Check for software updates regularly to address any phone
security vulnerabilities.
Don't conduct sensitive transactions such as internet banking on
public wireless networks.
Don't save passwords or PINs as contacts in your phone. This is
the first place a thief will look.
Permanently delete all data from your phone when you recycle or
replace it (don't just press "delete"). Follow the manufacturer's
instructions to fully wipe your phone. Also remove your SIM card
and any memory card.
Raising the bar
Mobile phone users can now request a bar on premium SMS services
such as ringtones, games and competitions to limit "bill
shock".
Since July 1, consumers have been able to ask their telco to
block premium SMS or MMS services so they no longer receive, or are
charged for, such services. This option is expected to appeal to
parents seeking to control their children's phone costs.

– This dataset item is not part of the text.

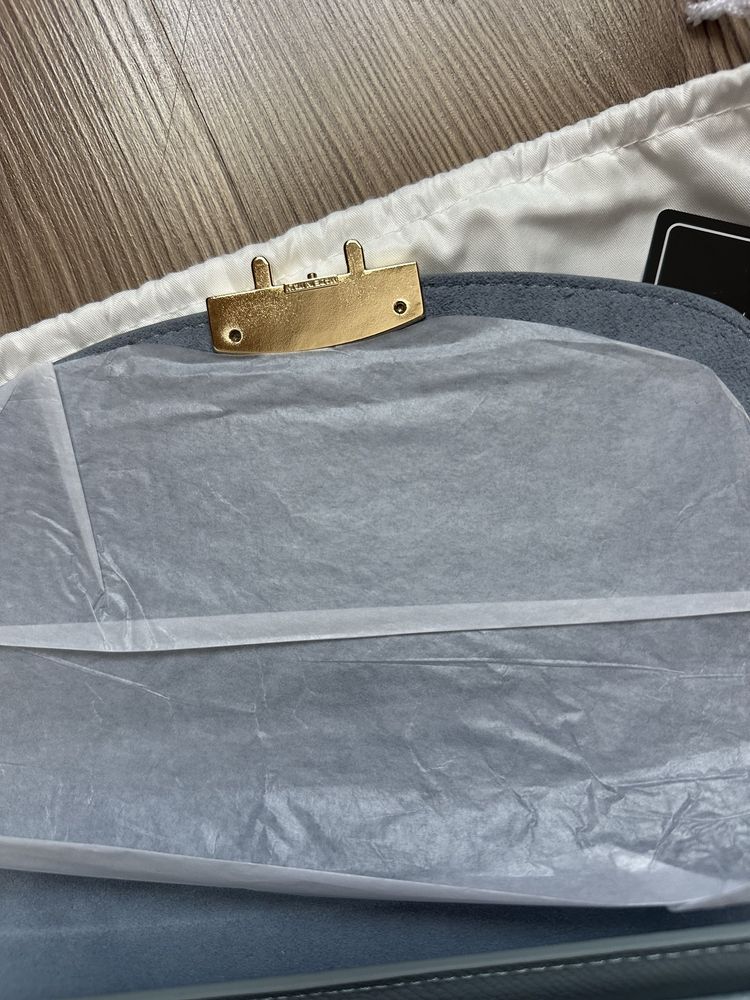 Чисто нова чанта Furla Metropolis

However, the chief executive of the Australian Communications
Consumers Action Network (ACCAN), Allan Asher, says he would prefer
the premium SMS bar be automatic on all phones, so that people have
to consciously "opt in" to these services. Under the Australian
Communications and Media Authority model, people receive the
services unless they opt out. Asher says: "They're really
complicated services that are designed to trick people into
spending a lot of money ... protect people first then let them
expose themselves to the risks."
To stop one service, rather than all premium services, reply
"STOP" to a message from that service. Alternatively, check your
telco's monthly limit on premium SMS.